#### About this task:
The first line of the entries is where the copy starts and the line with "Fidelity National Title Group" is where it ends; set down each line exactly, both ends included, and drop pictures.

━━━━━ Source information ━━━━━

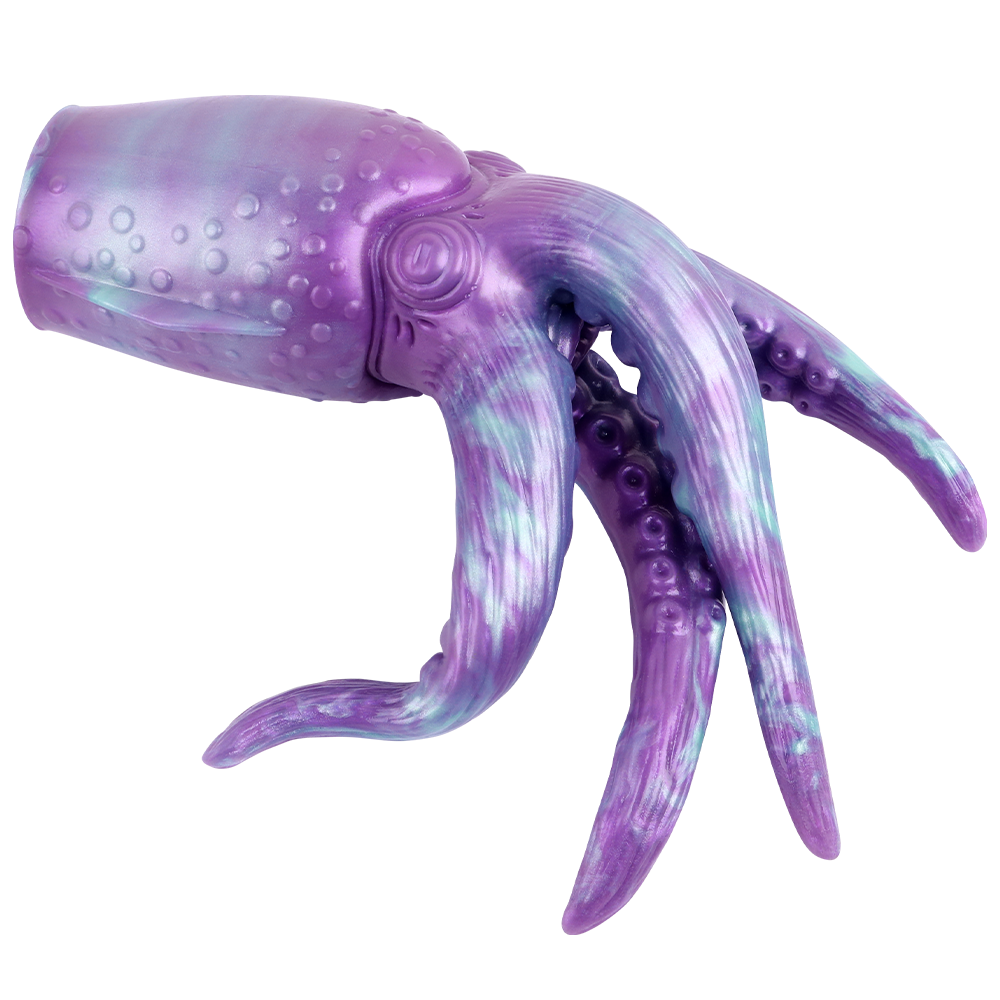 tentacledildo-fr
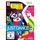 Just Dance 3 (Wii)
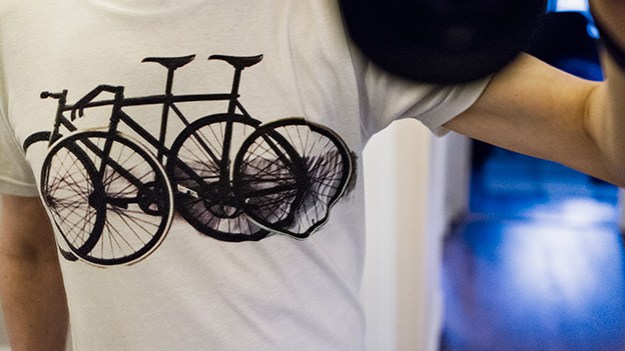 2015-06-24-bicycle-t-shirt-046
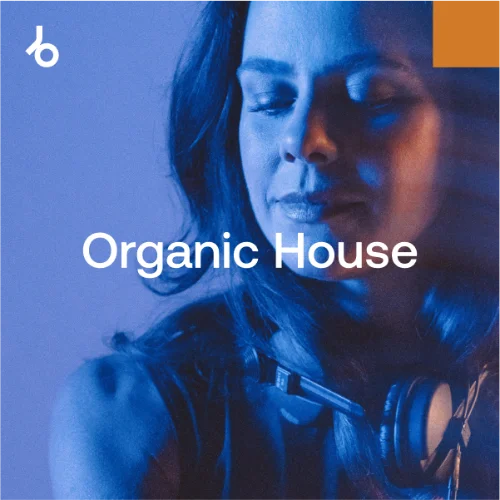 Warm-Up Essentials 2026 Organic House FLAC/MP3 Warm-Up Essentials 2026 Organic House FLAC/MP3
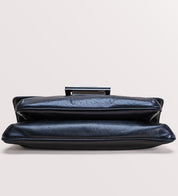 Chanel Giant ReIssue 2.55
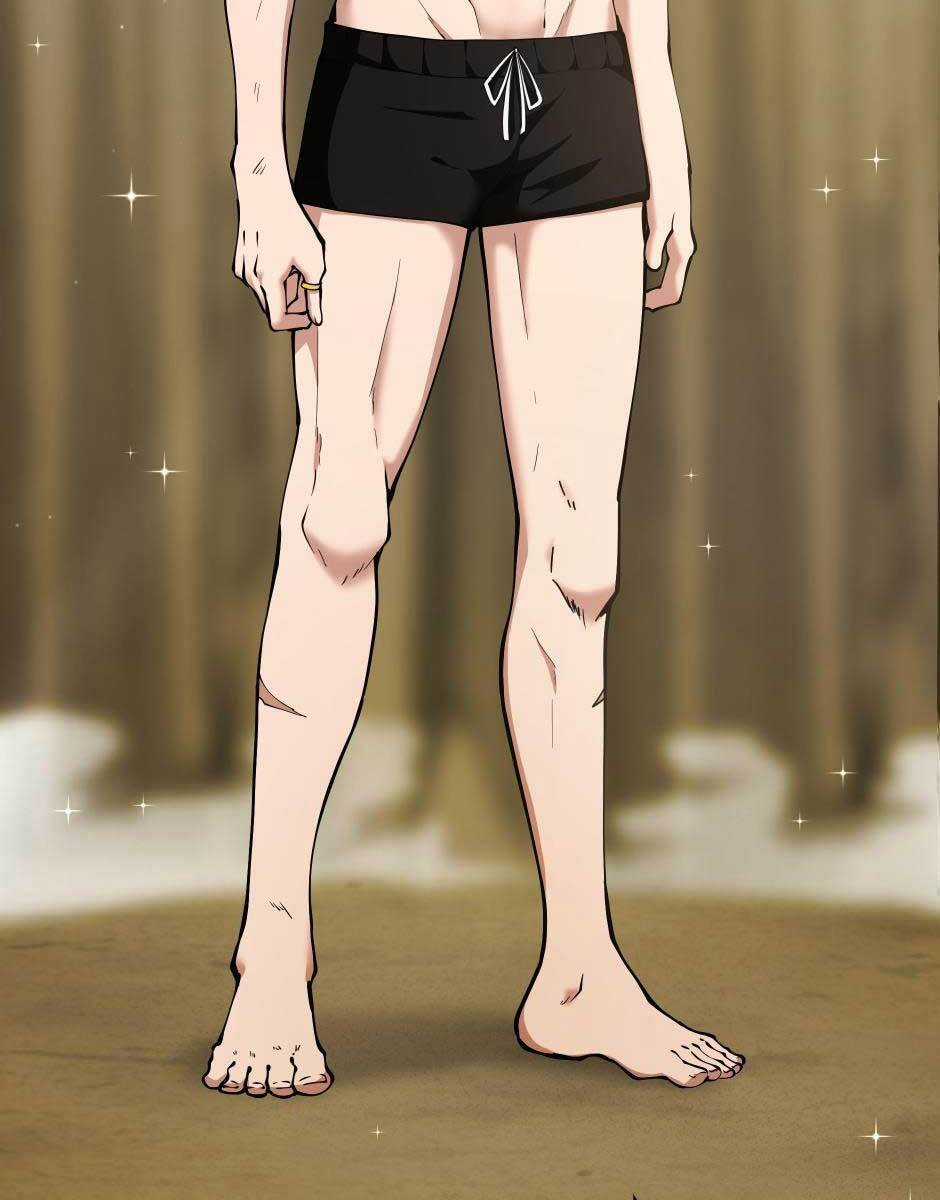 The Beginning After The End - Chapter 161 - Trang 34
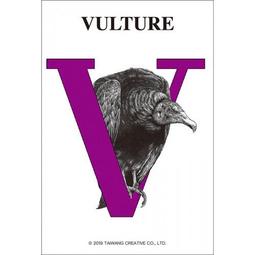 台旺文創 - TW-126-018 清郎世寧 仙萼長春－菊花 126片拼圖 歷史價格詳細信息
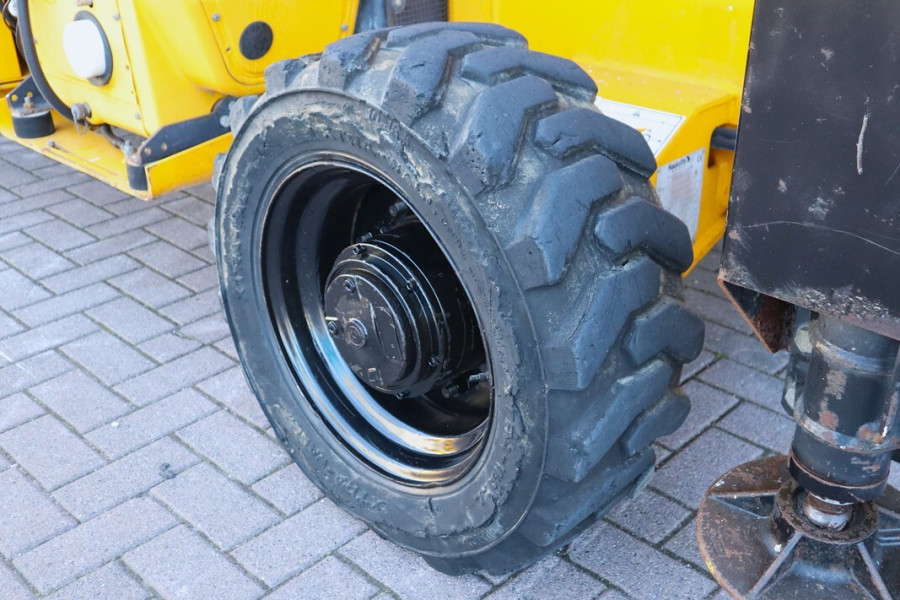 haulotte-h18sxl-2012-nr-63455-5-1759131989sgvdx.jpg
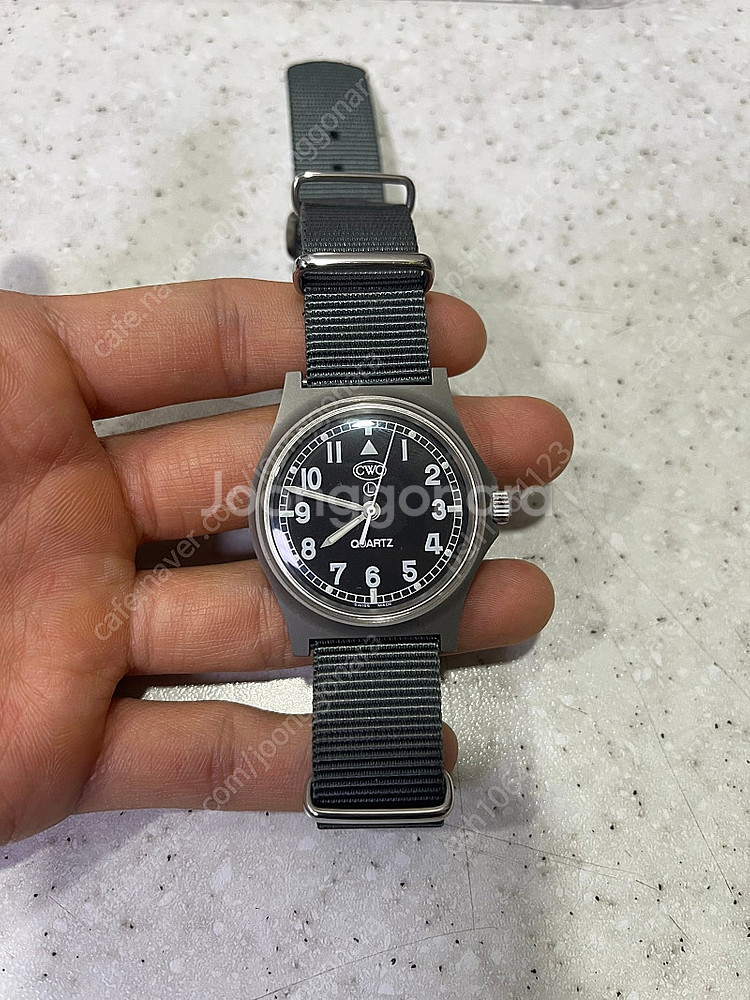 cwc g10--1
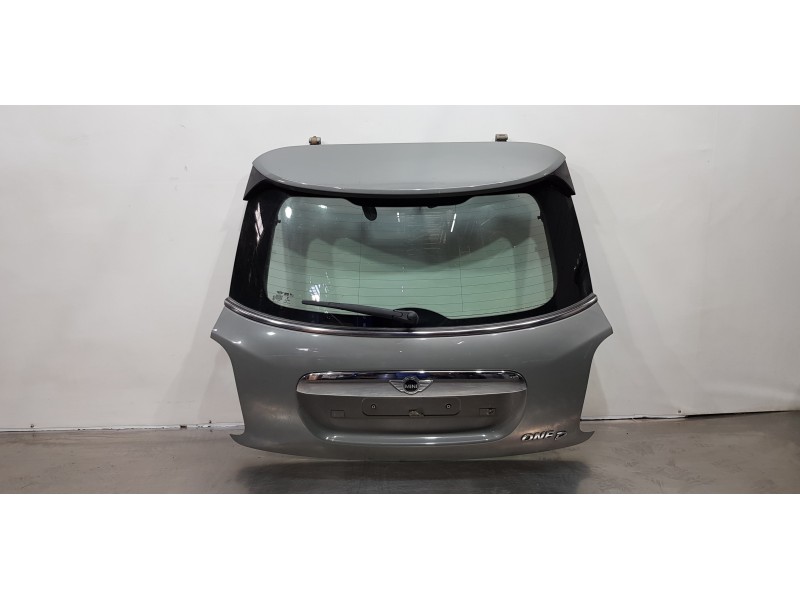 Recambio de porton trasero para mini mini 5-trg. (f55) one d referencia OEM IAM 41007378205  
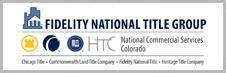 Fidelity National Title Group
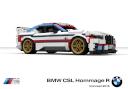 bmw_csl_hommage_r_concept_-_2015_06.png
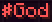 641b1ebdc60d62aa2ee892439b4ef52d1b438c12.png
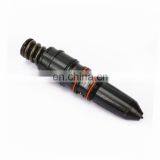 NTA855 Injector Diesel Engine Parts 3054220 NT855 Fuel Injector 3054220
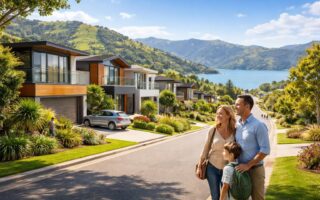 découvrez les clés pour réussir votre investissement locatif en nouvelle-zélande cette année et maximisez vos revenus grâce à nos conseils experts.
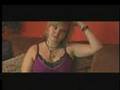 videos de Hypnotist's Passion - The First Ten Minutes - Uncut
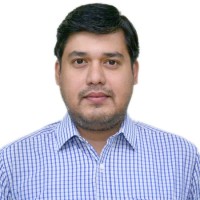 Ankur Pareek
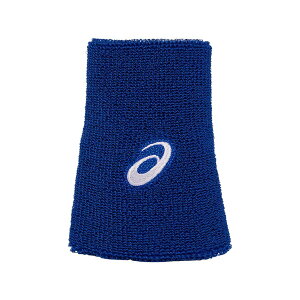 y[OKzASICS(AVbNX) 3033B873 Y fB[X jZbNX XgohWRISTBAND (L)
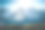 勃朗峰冰川和Lac Blanc。格莱安阿尔卑斯山，法国，欧洲。图片下载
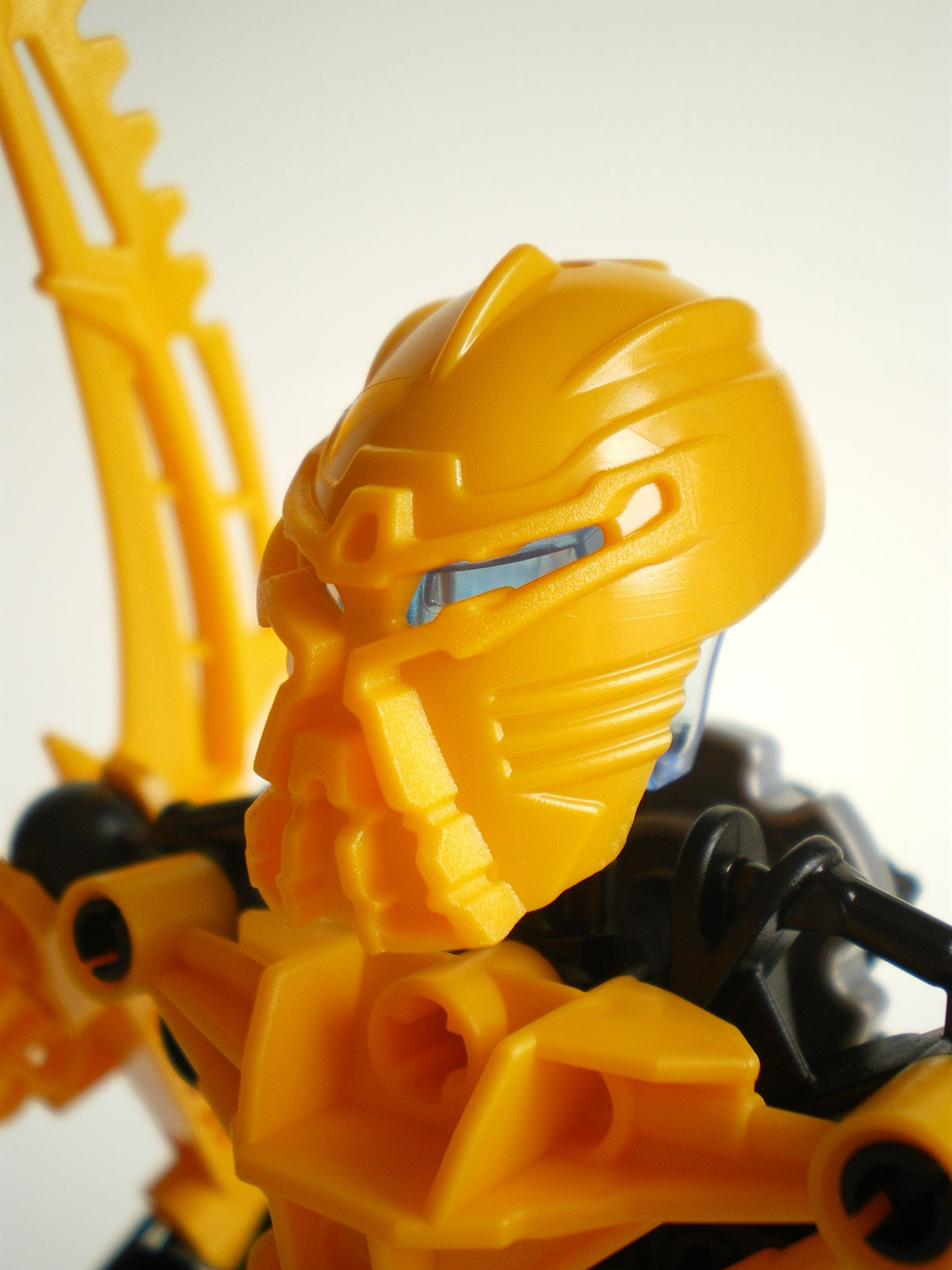 imgp8694.jpg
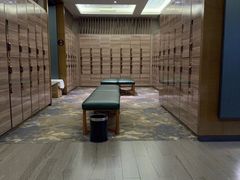 -海纳百川·都市温泉·足道·SPA(学院路店)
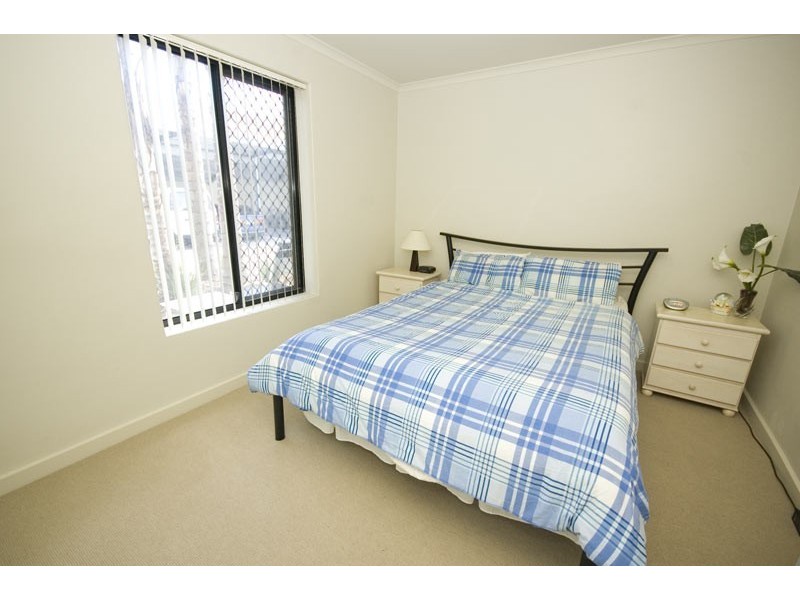 13/18 Broadway, Glenelg South SA 5045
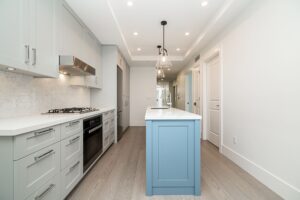 7859 Granville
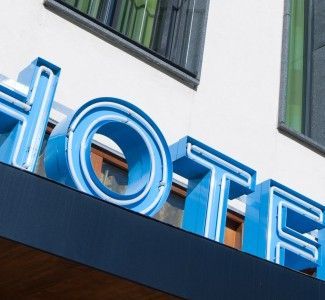 Foto Da oggi tutti al lavoro nell’Officina del Revenue Manager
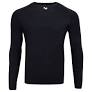 APPAREL BASELAYER TOPS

━━━━━

#### Written answer:
 tentacledildo-fr
 Just Dance 3 (Wii)
 2015-06-24-bicycle-t-shirt-046
 Warm-Up Essentials 2026 Organic House FLAC/MP3 Warm-Up Essentials 2026 Organic House FLAC/MP3
 Chanel Giant ReIssue 2.55
 The Beginning After The End - Chapter 161 - Trang 34
 台旺文創 - TW-126-018 清郎世寧 仙萼長春－菊花 126片拼圖 歷史價格詳細信息
 haulotte-h18sxl-2012-nr-63455-5-1759131989sgvdx.jpg
 cwc g10--1
 Recambio de porton trasero para mini mini 5-trg. (f55) one d referencia OEM IAM 41007378205  
 Fidelity National Title Group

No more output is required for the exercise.